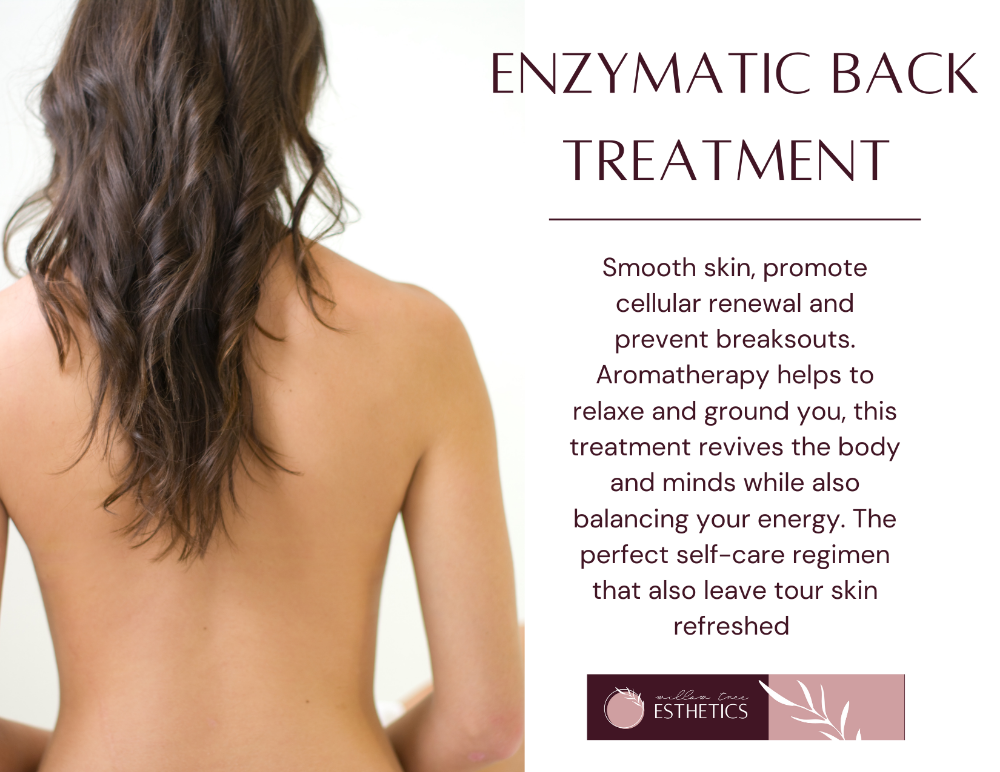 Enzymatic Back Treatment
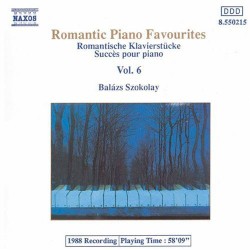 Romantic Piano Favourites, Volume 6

---*---

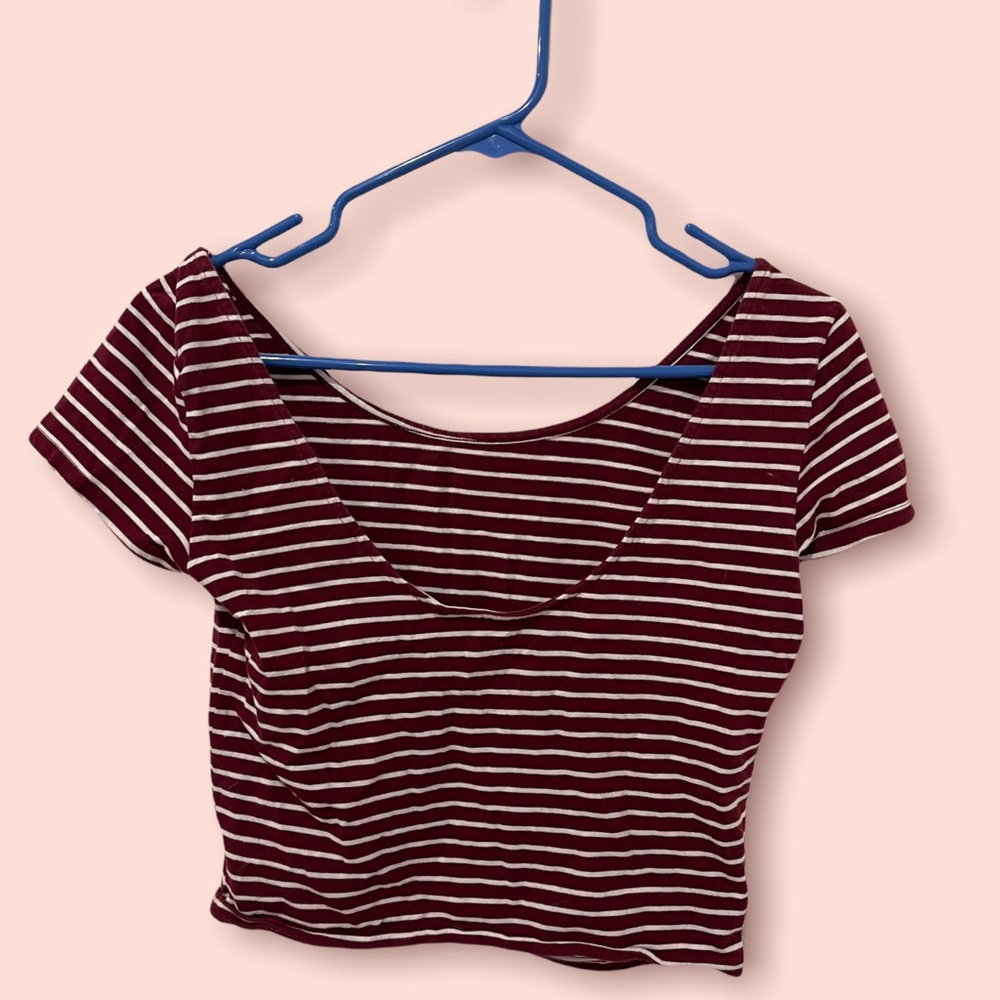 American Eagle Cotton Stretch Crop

---*---

- [Aim of the task]
In the listing above, find the line with "Enzymatic Back Treatment" and output it and every line after it up to and including the line with "Romantic Piano Favourites, Volume 6", exactly, minus the pictures.

- [Output of the exercise]
 Enzymatic Back Treatment
 Romantic Piano Favourites, Volume 6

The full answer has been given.